Pluto takes 248 years to orbit the sun, and seasons last for many decades. The icy world’s northern hemisphere, which New Horizons flew past, is currently in basking in sunny summertime.

Before New Horizons visited Pluto, researchers knew Pluto was rich in nitrogen, methane and carbon monoxide ices that likely sublimated — turned directly from a solid to a gaseous phase — under solar heating and rained back down as tiny snow particles.

“We’re seeing methane, nitrogen and carbon monoxide ices there,” Olkin said. “This is telling us something that we need to understand. On the northern part of Pluto, we see methane and nitrogen, but not carbon monoxide, so maybe what we’re seeing in Tombaugh Regio is a source region for some of these specific ices. That complicates the story of this seasonal transport.”

Measurements show Tombaugh Regio is richer in carbon monoxide than any other part of Pluto.

“We have a vast region that seems to be truly a reservoir,” McKinnon said. “We describe this poetically as the beating heart of Pluto. It may be the supply zone, the supply hut, of the entire atmosphere.”

One thing scientists are eager to find, if it is there, is evidence of a deep underground ocean.

“We don’t have any direct evidence for an interior liquid water ocean from these images,” McKinnon said.

But based on Pluto’s low density and surface appearance, there is a good chance an ocean of liquid nitrogen, or another mixture, lurks below the world’s icy shell.

“All other things being equal, it increases the probability that there may still be an ocean way down underneath a very thick layer of ice,” McKinnon said. “That’s a theoretical inference right now, but it’s something that we’re keeping in mind as we explore Pluto.”

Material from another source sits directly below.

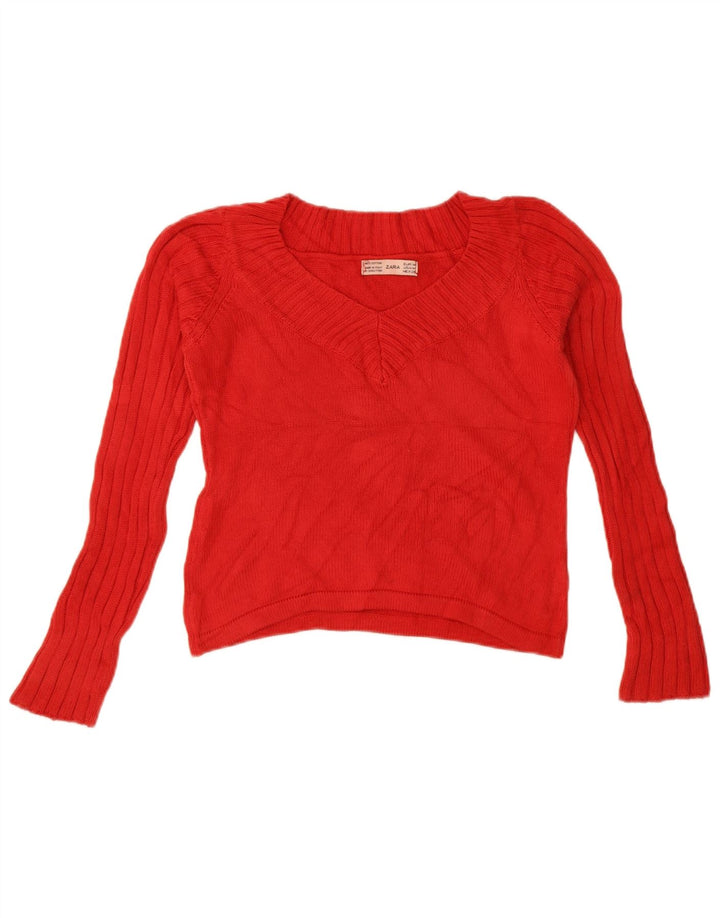 Zara Womens Crop V-hals sweater UK 12 Medium Rød Bomuld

This global mosaic of Pluto uses exaggerated colors to illustrate contrasts between different geologic units. The differences in the two lobes of the heart, or Tombaugh Regio, are obvious in this image. Credit: NASA/JHUAPL/SWRI
This global mosaic of Pluto uses exaggerated colors to illustrate contrasts between different geologic units. The differences in the two lobes of the heart, or Tombaugh Regio, are obvious in this image. Credit: NASA/JHUAPL/SWRI

Only a handful of images from the July 14 Pluto flyby have reached Earth. Hundreds more are due to come down beginning in September and stretching into 2016.

But one photo recorded just after the encounter has resolved Pluto’s atmospheric haze for the first time, revealing layers of particles reaching up to 100 miles above its surface illuminated by sunlight, five times higher than models predicted.

“This is the image that stunned the encounter team,” said Summers, an atmospheric scientist on the New Horizons mission. “For 25 years, we’ve known that Pluto has an atmosphere, but it’s been known by numbers. This is the first picture, this is the first time we’ve really seen it. This was the image that almost brought tears to the eyes to the atmospheric scientists on the team.”

Now scientists are trying couple the geologic and atmospheric data to unravel how the Pluto system works.

“The haze is pretty,” Summers said. “It’s a way to see the atmosphere, but it’s a piece of a big story that we’re trying to understand at Pluto, and that is how the atmosphere and the surfaces are connected.”

Methane particles lofted from Pluto’s surface are irradiated high up in Pluto’s atmosphere, creating ethylene, acetylene and other varieties of particles named tholins detected by New Horizons.

The particles then fall back to Pluto to create the icy dwarf’s red veneer.

“At some point in this cycle, those haze particles are chemically processed to produce what we call tholins, which are chemically altered hydrocarbons that have a red color,” Summers said. “We think that is how Pluto’s surface got its reddish hue.”

“On Pluto, we have a much more intimate and intricate interaction between geology, volatile transport and the seasonal climate cycles — those kinds of things — that are foricng one another, and feeding one another, and creating a very complicated and layered story about the planet’s history,” Stern said. “It’s rare in the pantheon of objects in the solar system that we have seen this kind of an intricate and complicated story. I’m reminded in some ways of (Saturn’s moon) Titan, but few other examples that are so dramatic. It’s brand new.”

New Horizons also spotted a dark, reddish deposit on Charon’s north pole, potentially created by similar tholins from Pluto’s atmosphere ending up there.

Charon does not appear to have its own atmosphere, according to new results from New Horizons’ Alice spectrometer. If it does, it is much thinner than Pluto’s.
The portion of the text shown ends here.